◆ **The input**
------------
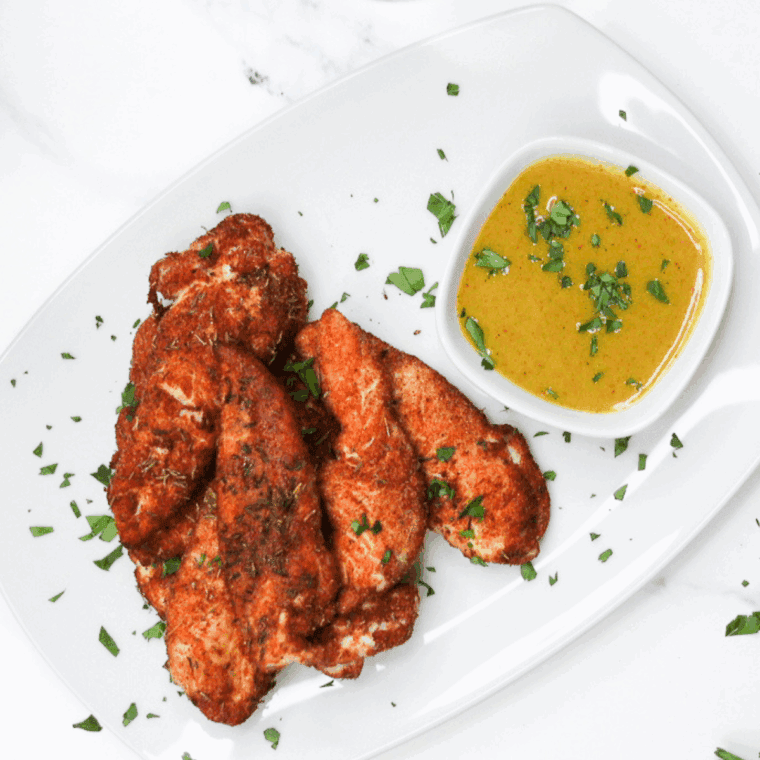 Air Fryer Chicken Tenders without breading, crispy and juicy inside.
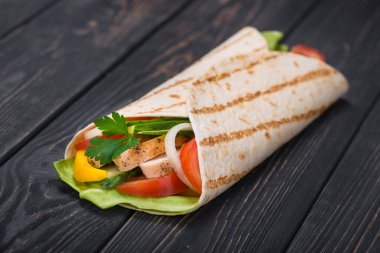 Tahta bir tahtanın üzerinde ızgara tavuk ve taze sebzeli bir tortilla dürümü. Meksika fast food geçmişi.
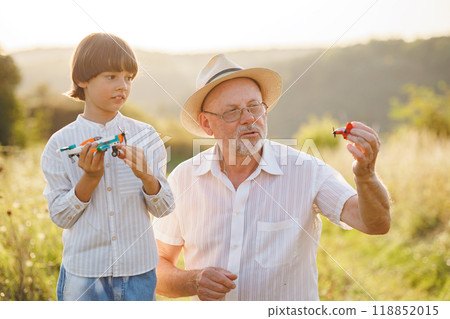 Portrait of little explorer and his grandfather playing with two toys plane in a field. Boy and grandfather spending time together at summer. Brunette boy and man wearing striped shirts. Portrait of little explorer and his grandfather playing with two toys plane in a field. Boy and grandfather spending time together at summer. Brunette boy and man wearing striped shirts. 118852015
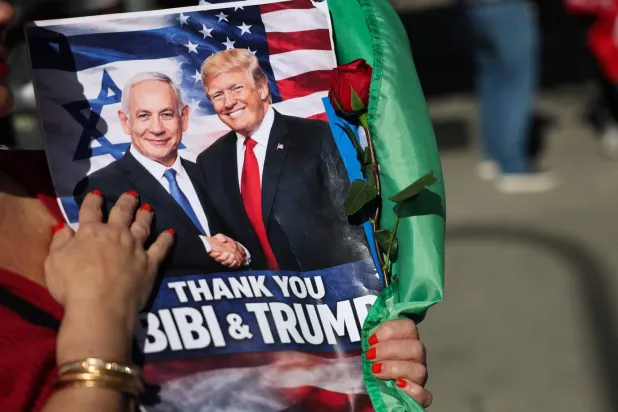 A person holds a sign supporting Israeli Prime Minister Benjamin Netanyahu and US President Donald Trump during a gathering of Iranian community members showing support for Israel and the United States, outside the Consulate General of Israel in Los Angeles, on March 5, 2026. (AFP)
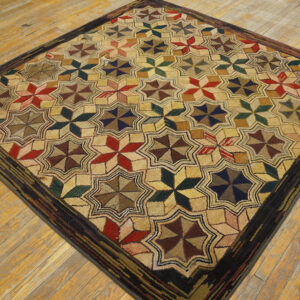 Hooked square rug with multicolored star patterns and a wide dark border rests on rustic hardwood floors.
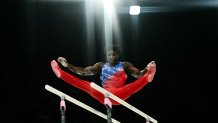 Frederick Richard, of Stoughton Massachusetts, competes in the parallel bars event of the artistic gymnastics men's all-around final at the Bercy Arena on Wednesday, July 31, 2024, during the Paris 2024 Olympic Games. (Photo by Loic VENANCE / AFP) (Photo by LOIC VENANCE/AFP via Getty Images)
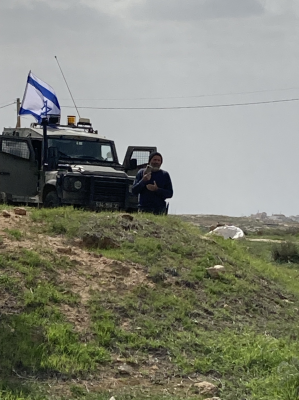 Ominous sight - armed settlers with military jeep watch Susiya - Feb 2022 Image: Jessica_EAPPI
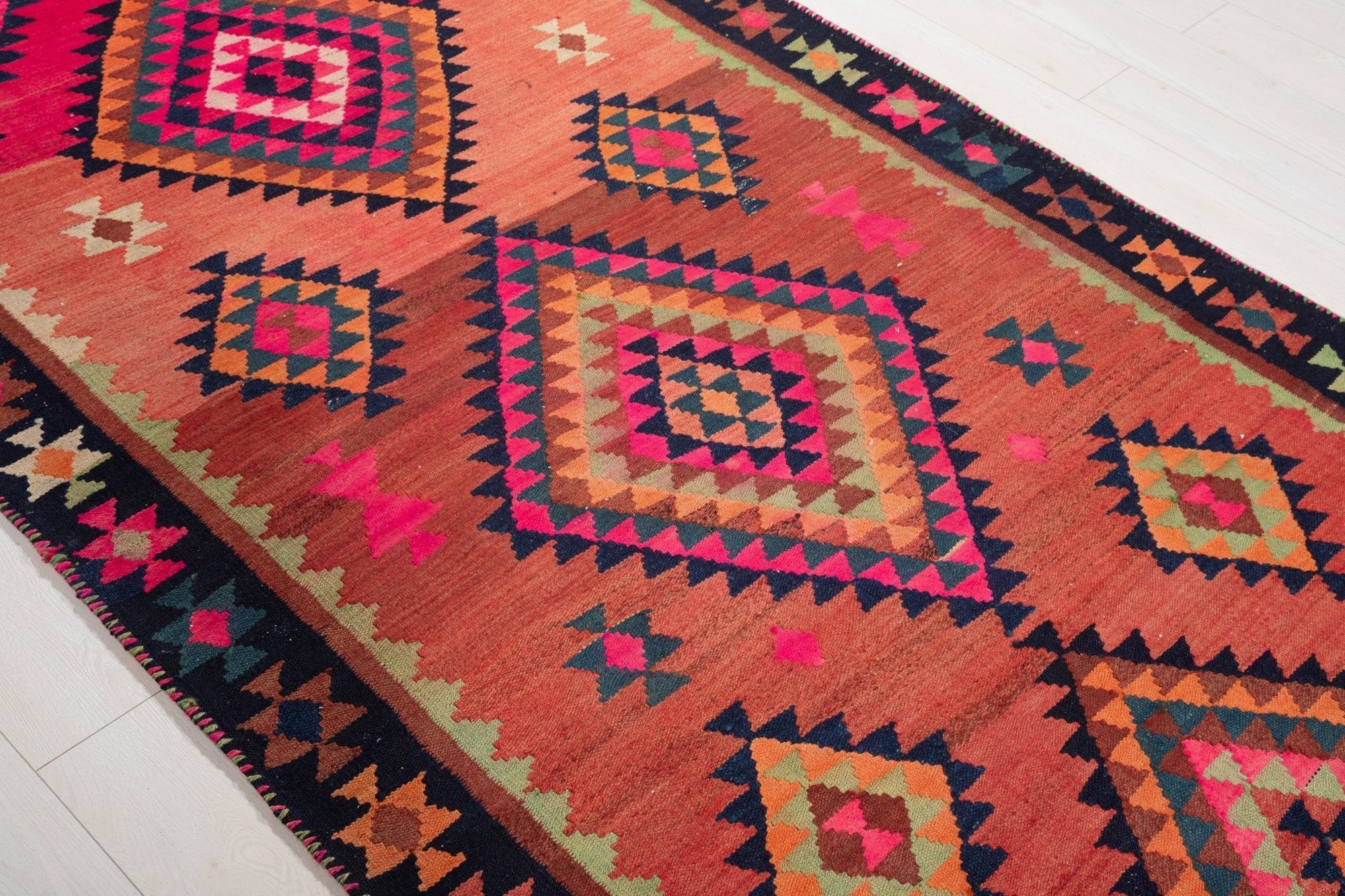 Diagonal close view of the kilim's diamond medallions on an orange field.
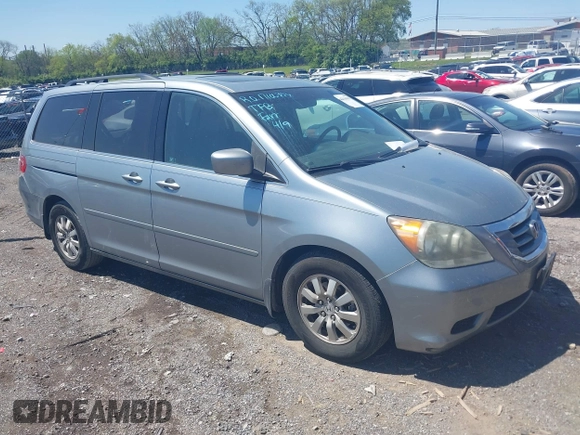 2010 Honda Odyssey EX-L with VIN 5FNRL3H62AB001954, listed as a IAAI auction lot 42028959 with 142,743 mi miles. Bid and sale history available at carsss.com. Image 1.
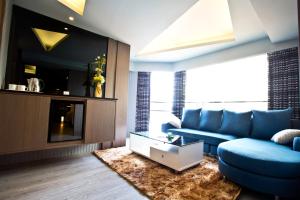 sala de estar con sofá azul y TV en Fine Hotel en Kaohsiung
------------
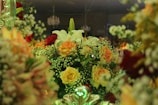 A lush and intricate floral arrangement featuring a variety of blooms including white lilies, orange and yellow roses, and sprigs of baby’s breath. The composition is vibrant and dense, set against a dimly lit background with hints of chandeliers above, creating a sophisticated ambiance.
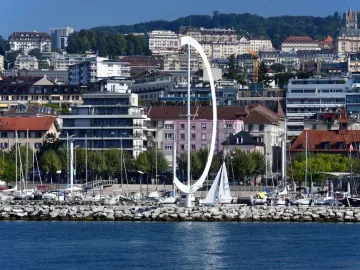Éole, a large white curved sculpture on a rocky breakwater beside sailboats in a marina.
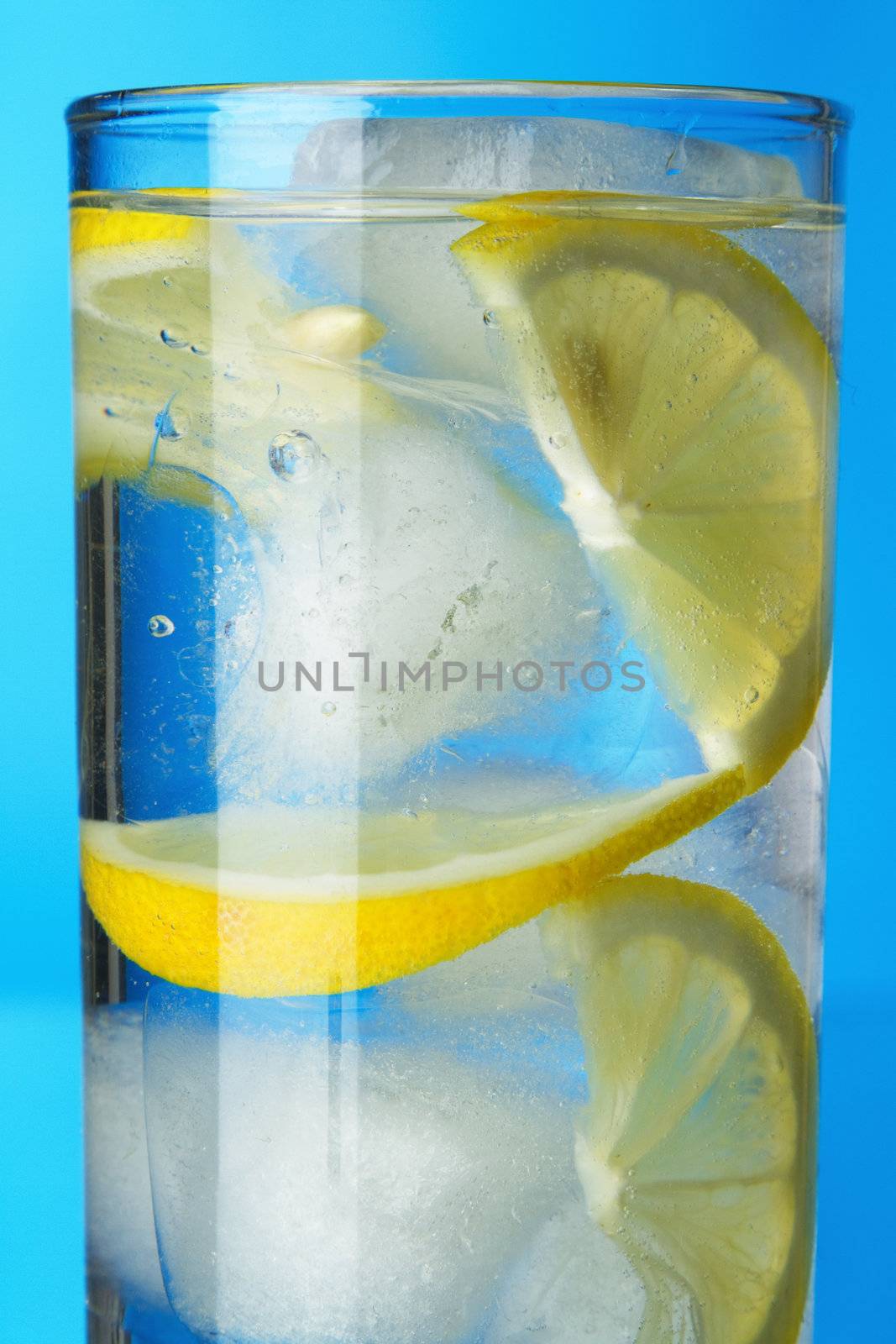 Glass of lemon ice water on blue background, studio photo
------------
◆ **What to do**
Quote the lines above exactly, starting with the one that has "Frederick Richard, of" and ending with the one that has "sala de estar"; drop the pictures and include nothing else.

◆ **Solution to the problem**
 Frederick Richard, of Stoughton Massachusetts, competes in the parallel bars event of the artistic gymnastics men's all-around final at the Bercy Arena on Wednesday, July 31, 2024, during the Paris 2024 Olympic Games. (Photo by Loic VENANCE / AFP) (Photo by LOIC VENANCE/AFP via Getty Images)
 Ominous sight - armed settlers with military jeep watch Susiya - Feb 2022 Image: Jessica_EAPPI
 Diagonal close view of the kilim's diamond medallions on an orange field.
 2010 Honda Odyssey EX-L with VIN 5FNRL3H62AB001954, listed as a IAAI auction lot 42028959 with 142,743 mi miles. Bid and sale history available at carsss.com. Image 1.
 sala de estar con sofá azul y TV en Fine Hotel en Kaohsiung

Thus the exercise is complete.